Security is also increased by Atlan’s AI co-pilot, which helps in data management, the cooperation of the relevant company teams and the complete preparation of documentation, while Lume’s artificial intelligence simplifies data integration by automatically transforming data schemas. At the other end of the spectrum, Stemma AI Discover Assistant makes it easier for business users to understand trends with its data discovery capabilities, be it revenue fluctuations, customer retention or service optimization opportunities in any industry.
Focus on safety
In an additional presentation on the closing day of the Budapest Data+ML Forum 2023, Bence Arató also gave a brief overview of the trends currently defining the field of artificial intelligence. According to one of the supplier reports he cited (Scale 2023 AI Readiness Report), the significant development of generative models experienced last year had an extraordinary impact on the AI strategy of companies. 65 percent of Scale’s clients said that as a result of the trend, they accelerated the implementation of their existing strategy or developed such a development plan for the first time. But while 60 percent of the respondents are experimenting with generative models – or are preparing to do so in the next 12 months – only a fifth of them (21 percent) are currently using such models in production environments.
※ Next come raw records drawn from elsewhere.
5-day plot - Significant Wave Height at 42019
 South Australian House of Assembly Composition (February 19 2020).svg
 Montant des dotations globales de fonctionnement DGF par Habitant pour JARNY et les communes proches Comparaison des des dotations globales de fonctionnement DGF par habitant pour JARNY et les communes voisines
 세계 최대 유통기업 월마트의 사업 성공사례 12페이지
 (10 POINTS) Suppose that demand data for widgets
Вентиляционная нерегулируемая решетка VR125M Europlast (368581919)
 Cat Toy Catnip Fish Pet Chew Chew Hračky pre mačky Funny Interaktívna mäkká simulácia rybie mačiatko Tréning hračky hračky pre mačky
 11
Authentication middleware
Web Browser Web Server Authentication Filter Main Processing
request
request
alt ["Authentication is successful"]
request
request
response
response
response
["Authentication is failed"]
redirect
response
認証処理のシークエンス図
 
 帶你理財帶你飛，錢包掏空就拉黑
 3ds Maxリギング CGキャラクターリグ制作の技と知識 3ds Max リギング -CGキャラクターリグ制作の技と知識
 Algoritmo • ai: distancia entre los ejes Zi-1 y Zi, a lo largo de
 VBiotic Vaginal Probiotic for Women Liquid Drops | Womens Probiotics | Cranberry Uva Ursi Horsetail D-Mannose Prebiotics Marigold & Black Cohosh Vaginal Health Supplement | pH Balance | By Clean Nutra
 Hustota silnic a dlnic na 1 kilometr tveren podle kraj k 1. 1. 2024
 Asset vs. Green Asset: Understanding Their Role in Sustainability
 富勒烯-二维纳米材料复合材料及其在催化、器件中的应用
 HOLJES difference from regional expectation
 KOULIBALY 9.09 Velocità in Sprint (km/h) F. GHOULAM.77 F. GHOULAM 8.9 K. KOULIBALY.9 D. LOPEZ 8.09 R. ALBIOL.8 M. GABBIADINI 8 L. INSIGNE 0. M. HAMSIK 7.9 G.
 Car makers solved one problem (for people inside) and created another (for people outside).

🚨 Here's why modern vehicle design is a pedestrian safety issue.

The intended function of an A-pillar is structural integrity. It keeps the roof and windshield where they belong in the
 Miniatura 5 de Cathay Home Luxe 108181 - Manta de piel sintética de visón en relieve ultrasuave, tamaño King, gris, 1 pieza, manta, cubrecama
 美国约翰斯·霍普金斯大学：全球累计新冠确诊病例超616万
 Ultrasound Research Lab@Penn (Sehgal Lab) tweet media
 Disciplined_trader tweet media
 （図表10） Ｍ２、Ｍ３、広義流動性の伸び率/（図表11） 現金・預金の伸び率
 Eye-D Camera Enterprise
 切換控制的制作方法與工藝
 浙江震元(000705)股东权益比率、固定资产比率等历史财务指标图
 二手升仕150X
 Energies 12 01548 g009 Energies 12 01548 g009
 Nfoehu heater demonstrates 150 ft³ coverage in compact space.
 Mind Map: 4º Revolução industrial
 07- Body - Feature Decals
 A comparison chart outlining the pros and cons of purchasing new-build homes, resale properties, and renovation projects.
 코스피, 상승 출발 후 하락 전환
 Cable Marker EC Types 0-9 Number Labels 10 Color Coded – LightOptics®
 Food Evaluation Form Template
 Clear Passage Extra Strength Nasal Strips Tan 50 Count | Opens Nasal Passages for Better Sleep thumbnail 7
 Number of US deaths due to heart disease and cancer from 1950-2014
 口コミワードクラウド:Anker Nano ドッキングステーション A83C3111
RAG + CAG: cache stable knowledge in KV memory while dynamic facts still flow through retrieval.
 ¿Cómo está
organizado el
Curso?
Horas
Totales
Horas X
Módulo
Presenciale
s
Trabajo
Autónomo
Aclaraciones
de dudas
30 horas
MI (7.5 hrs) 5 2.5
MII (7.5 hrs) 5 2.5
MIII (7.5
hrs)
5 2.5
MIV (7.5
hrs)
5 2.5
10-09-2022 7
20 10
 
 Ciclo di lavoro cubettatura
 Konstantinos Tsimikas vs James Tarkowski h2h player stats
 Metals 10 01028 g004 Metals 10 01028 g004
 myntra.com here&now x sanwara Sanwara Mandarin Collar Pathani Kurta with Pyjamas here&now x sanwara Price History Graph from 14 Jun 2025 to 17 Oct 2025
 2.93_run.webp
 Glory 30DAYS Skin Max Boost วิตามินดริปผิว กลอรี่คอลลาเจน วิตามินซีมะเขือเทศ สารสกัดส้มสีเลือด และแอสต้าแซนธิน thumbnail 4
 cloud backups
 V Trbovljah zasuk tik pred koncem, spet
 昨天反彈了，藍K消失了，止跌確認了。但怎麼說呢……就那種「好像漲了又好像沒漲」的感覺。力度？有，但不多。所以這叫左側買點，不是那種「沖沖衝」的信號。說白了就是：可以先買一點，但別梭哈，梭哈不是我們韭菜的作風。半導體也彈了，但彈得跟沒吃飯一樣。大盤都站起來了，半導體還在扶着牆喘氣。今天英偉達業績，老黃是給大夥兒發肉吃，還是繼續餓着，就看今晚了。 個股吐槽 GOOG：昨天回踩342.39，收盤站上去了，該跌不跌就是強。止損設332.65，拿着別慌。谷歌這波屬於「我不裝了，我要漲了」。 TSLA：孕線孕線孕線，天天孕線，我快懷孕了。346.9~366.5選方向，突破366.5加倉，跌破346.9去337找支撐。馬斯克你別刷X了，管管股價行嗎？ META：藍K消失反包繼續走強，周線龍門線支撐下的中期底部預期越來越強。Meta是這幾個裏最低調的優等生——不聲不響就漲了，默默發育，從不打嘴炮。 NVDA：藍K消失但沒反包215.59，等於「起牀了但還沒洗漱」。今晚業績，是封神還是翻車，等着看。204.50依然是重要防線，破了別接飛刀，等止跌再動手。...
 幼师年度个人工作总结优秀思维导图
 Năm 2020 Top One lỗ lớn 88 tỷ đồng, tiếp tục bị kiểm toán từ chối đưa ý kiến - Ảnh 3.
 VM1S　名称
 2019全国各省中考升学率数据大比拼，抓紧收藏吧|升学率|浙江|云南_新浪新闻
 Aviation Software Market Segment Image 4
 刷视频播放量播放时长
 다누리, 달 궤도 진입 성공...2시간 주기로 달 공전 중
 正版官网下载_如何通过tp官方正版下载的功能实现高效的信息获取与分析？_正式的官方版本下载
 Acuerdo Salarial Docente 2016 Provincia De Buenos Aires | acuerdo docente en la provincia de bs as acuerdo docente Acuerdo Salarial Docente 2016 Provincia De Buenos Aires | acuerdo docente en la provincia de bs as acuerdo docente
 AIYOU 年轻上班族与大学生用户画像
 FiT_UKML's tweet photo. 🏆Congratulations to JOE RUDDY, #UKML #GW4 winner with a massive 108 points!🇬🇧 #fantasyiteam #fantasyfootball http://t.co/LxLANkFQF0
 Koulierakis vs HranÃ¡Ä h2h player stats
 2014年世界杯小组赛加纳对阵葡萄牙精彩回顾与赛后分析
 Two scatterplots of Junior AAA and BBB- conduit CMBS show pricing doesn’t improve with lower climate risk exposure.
The focus is increasingly on security in the leading AI laboratories, where the number of researchers working in the field has more than tripled in one year, according to the 2022 edition of the State of AI Report prepared on the investor side. The report also points out that since 2010, Chinese research centers have published four and a half times as many scientific works as similar institutions in the US, India, England and Germany combined. Moreover, China leads in research areas such as video surveillance, object detection, situational interpretation and self-control, which can affect not only security, but also geopolitical conditions.
Stanford University’s annual report (2023 AI Index) also draws attention to security risks, along with many other trends – for example, the academic sector lagging behind the competition. Among other things, he cites the results of last year’s IPSOS survey, according to which the highest proportion (78 percent) of Chinese citizens have a positive opinion of AI products and services, while in the United States only 35 percent of respondents said that the advantages of the technology are greater , as its disadvantages. Examining the legislative practice of 127 countries, the university also found that the number of laws mentioning artificial intelligence has increased from one to 37 since 2016, and the technology has already been put on the agenda in the parliaments of 81 countries. Given the upcoming AI law of the European Union – which many expect to have a similar effect to the GDPR – these numbers may increase significantly in the near future.
In an interview with Forbes magazine this February, Bill Gates called the last 12 months of AI as an important milestone in the history of digital technology as the appearance of the PC, graphical user interface and the Internet.
But remember what OpenAI CEO Sam Altman wrote in a tweet two months earlier: ChatGPT is incredibly limited, but still good enough at some things to give a misleading impression of greatness. Now it would be a mistake to rely on him in any important matter. It shows the direction of development; we still need to work a lot on his reliability and truthfulness.